A lista de necessidades compilada, revisada pelo Instituto CNV Brasil, de distintos autores da CNV, incluindo Marshall Rosenberg, você encontra clicando aqui. Pode ser que você reconheça uma necessidade que não está nesta lista. Vale sempre buscar, ir à fundo e ir se perguntando: “Ao conseguir isso, o que estarei ganhando?” Desta forma você vai encontrar a necessidade central do momento.
4. Pedido
Agora a cereja do bolo. Depois de observar sem julgar, experienciar seus sentimentos e analisar quais necessidades estão ou não sendo atendidas, é interessante fazer um pedido relacionado. Ele deve ser bastante claro, sem a necessidade de citar o que lhe desagrada.
Exemplo, ao invés de dizer: “Seu sem noção, você só sabe me irritar, abaixa essa música terrível!”; Poderia dizer: “Observei que o som está alto para o horário. Isso me aborrece profundamente pois minha necessidade de harmonia não está sendo respeitada. Você poderia abaixar o volume em 50%, por favor?”.

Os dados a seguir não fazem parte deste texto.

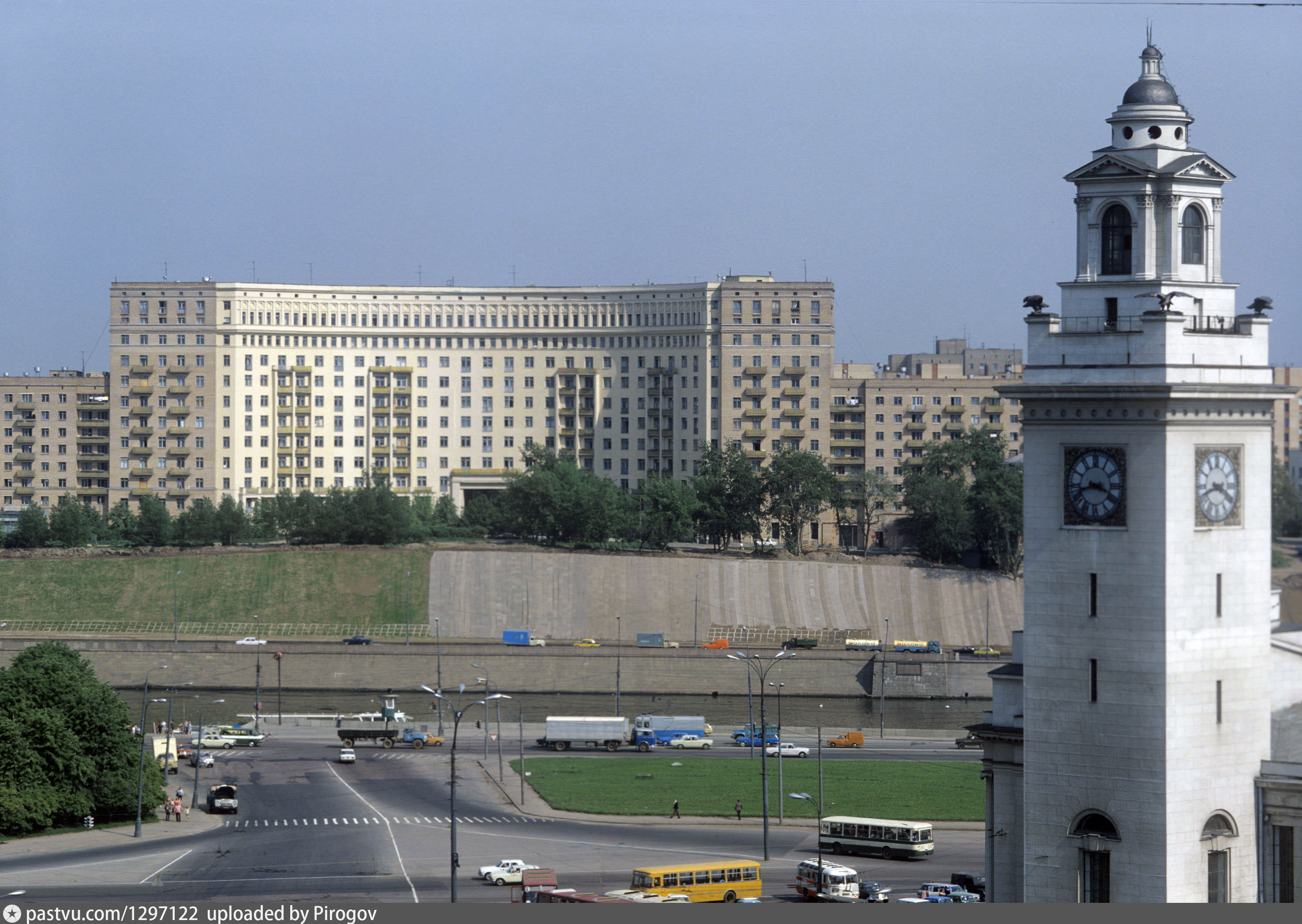 Москва ростовская набережная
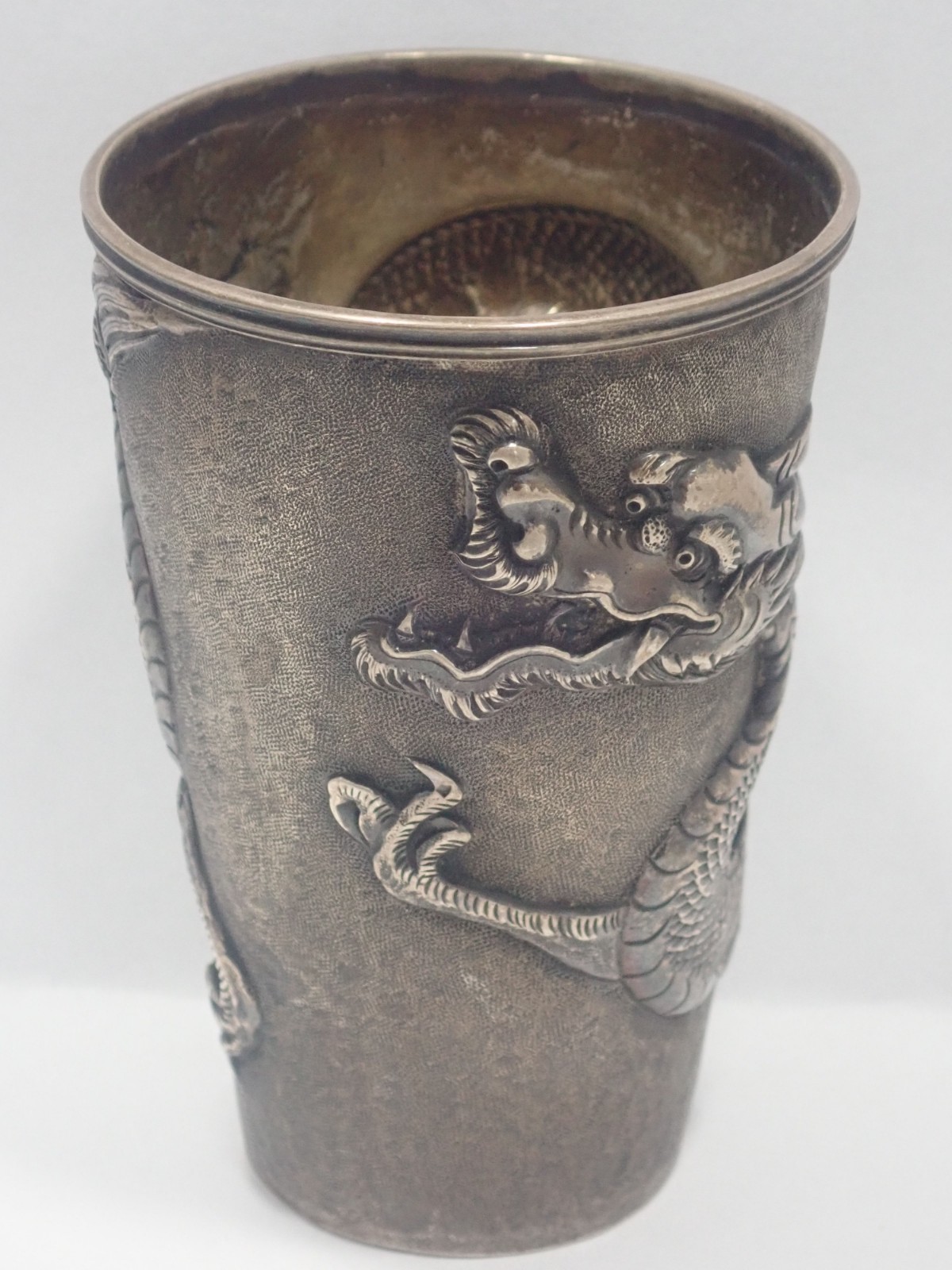 VINTAGE SILVER CHINESE REPOUSSE DRAGON 3.5″ TALL CUP “AUTUMN RECORD” “I REMEMBER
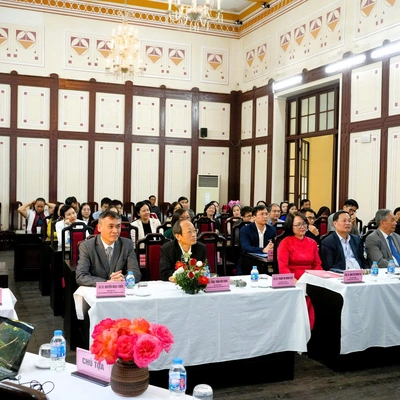 Trường Đại học Dược Hà Nội tổ chức Hội thảo kỷ niệm 15 năm xây dựng và phát triển Tạp chí nghiên cứu dược và thông tin thuốc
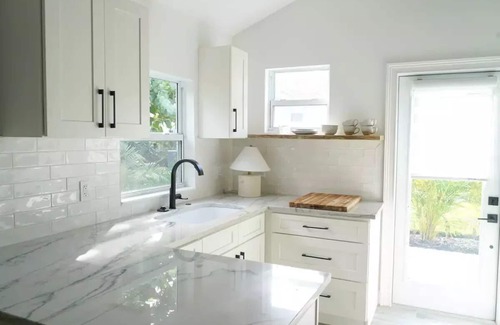 Poiciana Park II House | Stunning W Palm Beach Home and Guesthouse
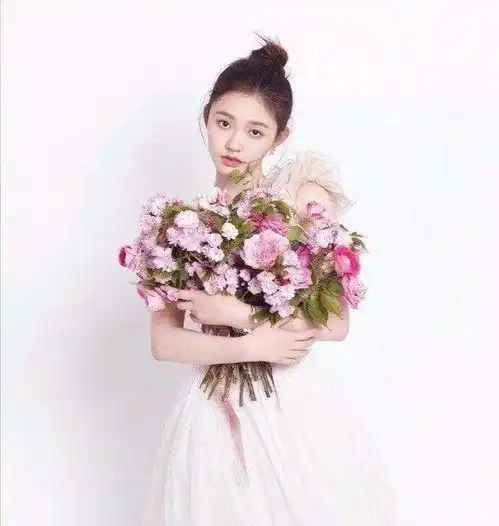 粉色系女头像芭蕾少女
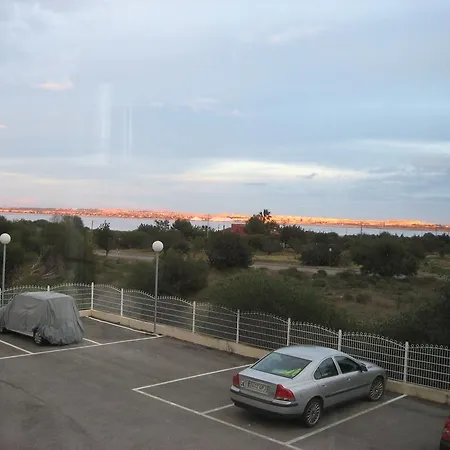 Apartment 2 Bedroom Cozy In Torrevieja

Evidentemente que o pedido poderia ser negado, nesse caso, se coloque de forma empática no lugar do outro e tente entender o motivo dessa pessoa ter contrariado o pedido. Como exemplo, poderia questionar: “Vejo que negou meu pedido. Você está irritado porque sua necessidade de liberdade não está sendo atendida?”. O pedido pode variar:“Você tem alguma ideia como podemos resolver essa questão para que ambas as necessidades sejam atendidas?” ou “Proponho usar fones de ouvido, o que você acha?”
Todo o processo de CNV deve ser trabalhado na empatia em relação as necessidades e sentimentos de todos. Todo mundo deve ser compreendido e atendido de maneira equilibrada.